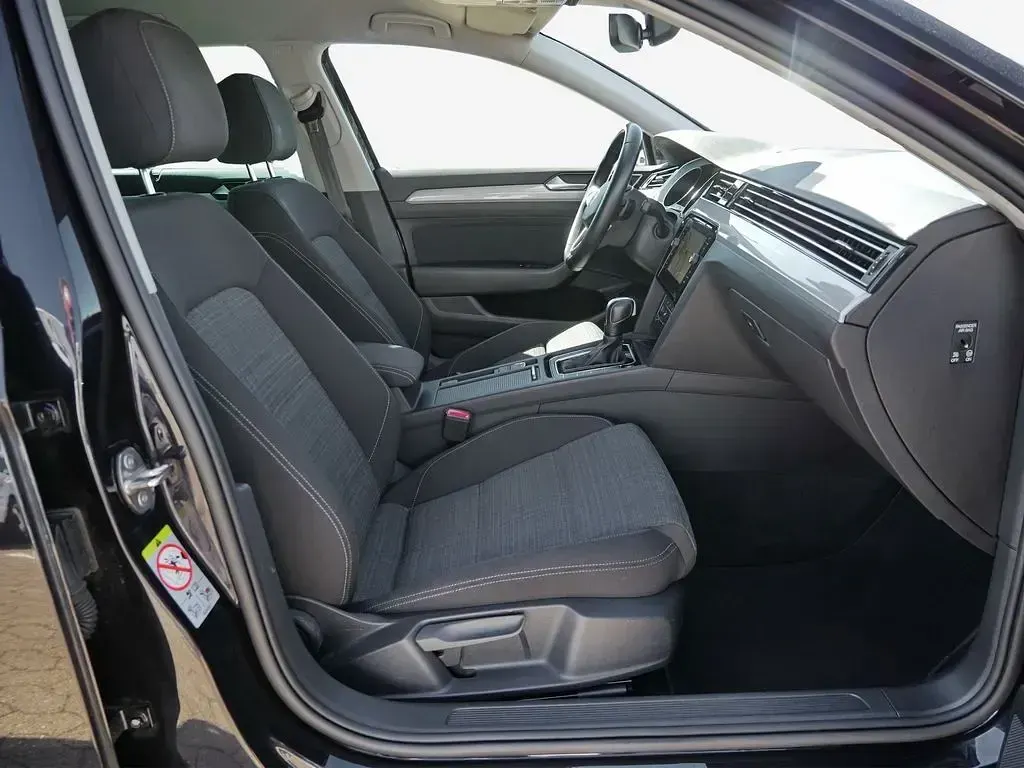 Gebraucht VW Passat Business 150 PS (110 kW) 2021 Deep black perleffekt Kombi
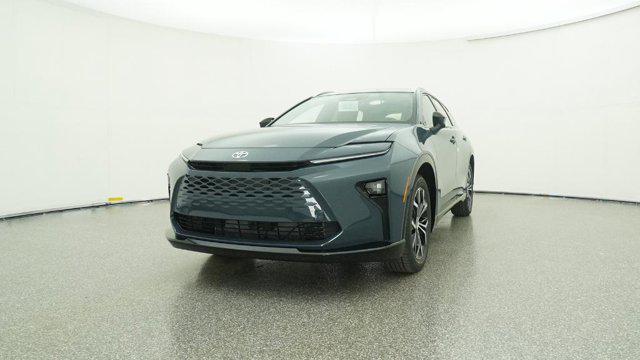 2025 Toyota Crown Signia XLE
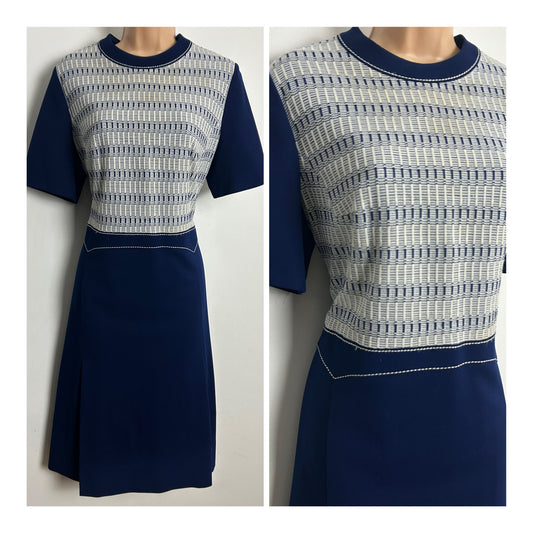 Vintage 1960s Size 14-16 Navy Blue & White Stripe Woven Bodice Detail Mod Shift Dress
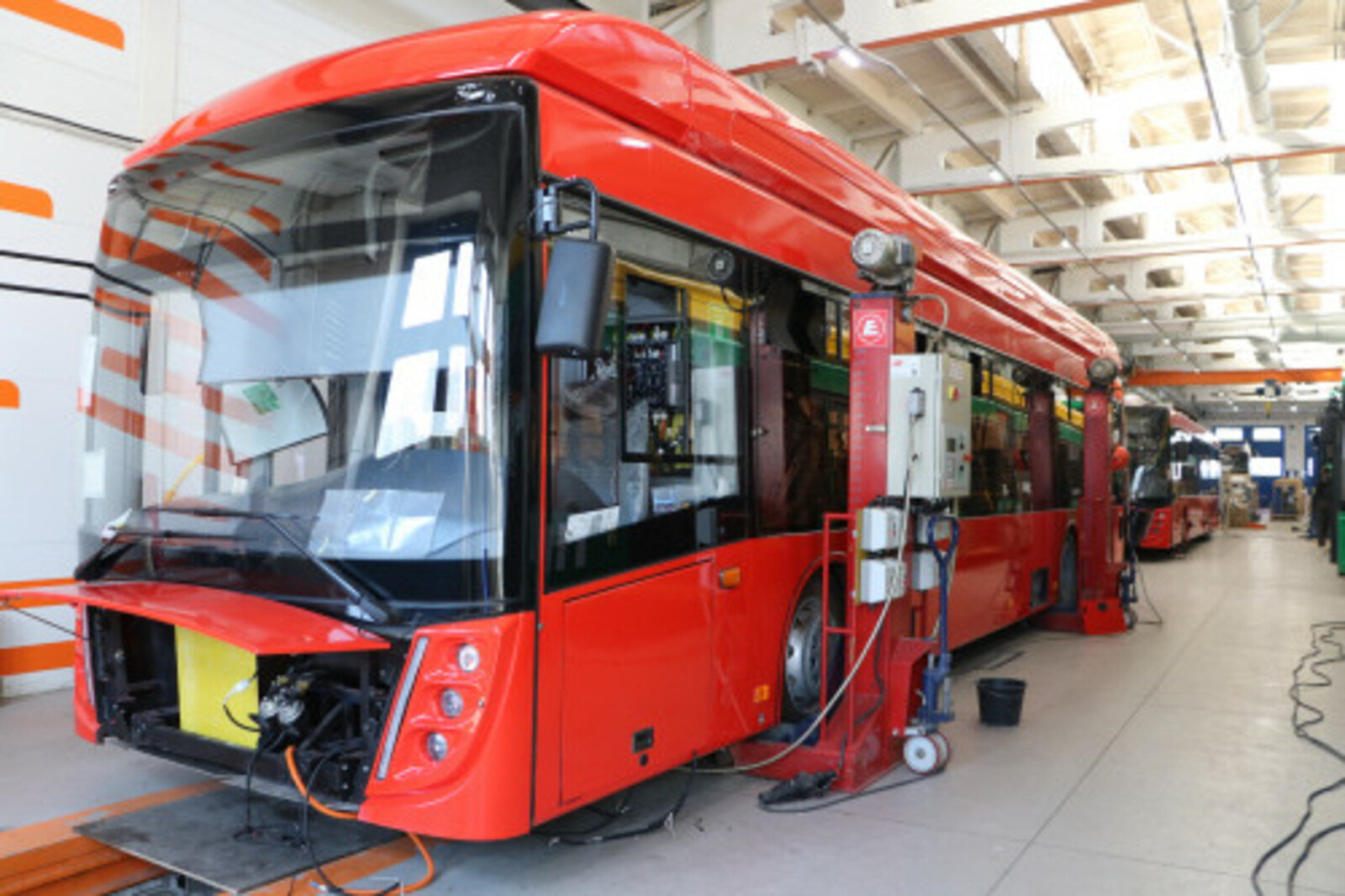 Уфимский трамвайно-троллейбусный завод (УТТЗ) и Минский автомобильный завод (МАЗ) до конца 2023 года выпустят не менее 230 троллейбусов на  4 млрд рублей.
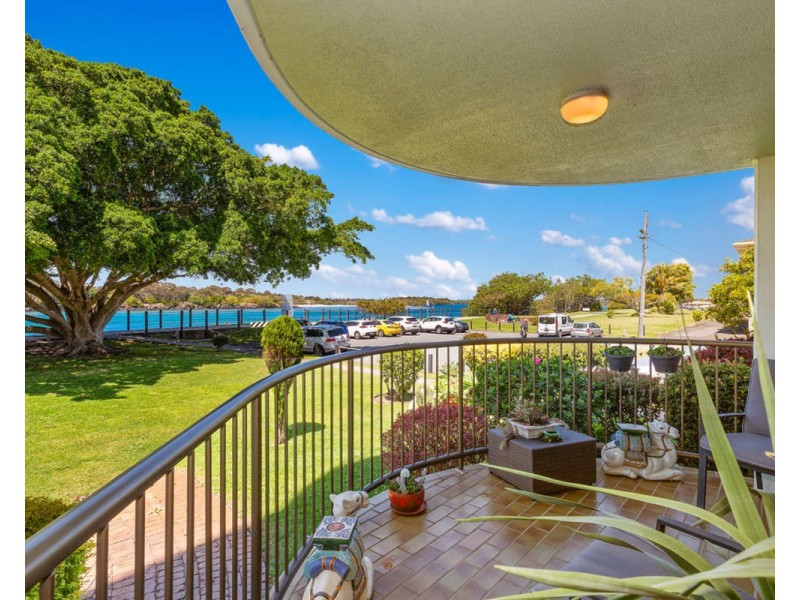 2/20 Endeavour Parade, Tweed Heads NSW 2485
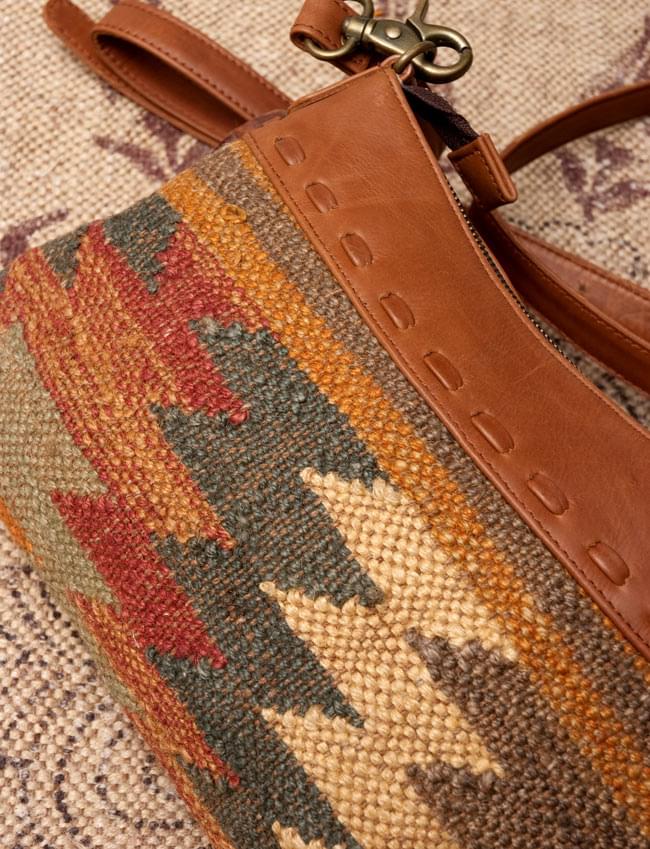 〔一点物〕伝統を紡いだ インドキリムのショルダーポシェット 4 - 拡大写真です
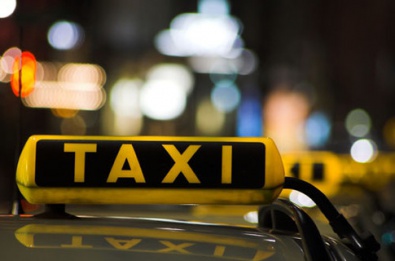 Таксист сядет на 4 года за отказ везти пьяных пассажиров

* * * *

The whole listing should be reproduced exactly. Images don't go in.

 Gebraucht VW Passat Business 150 PS (110 kW) 2021 Deep black perleffekt Kombi
 2025 Toyota Crown Signia XLE
 Vintage 1960s Size 14-16 Navy Blue & White Stripe Woven Bodice Detail Mod Shift Dress
 Уфимский трамвайно-троллейбусный завод (УТТЗ) и Минский автомобильный завод (МАЗ) до конца 2023 года выпустят не менее 230 троллейбусов на  4 млрд рублей.
 2/20 Endeavour Parade, Tweed Heads NSW 2485
 〔一点物〕伝統を紡いだ インドキリムのショルダーポシェット 4 - 拡大写真です
 Таксист сядет на 4 года за отказ везти пьяных пассажиров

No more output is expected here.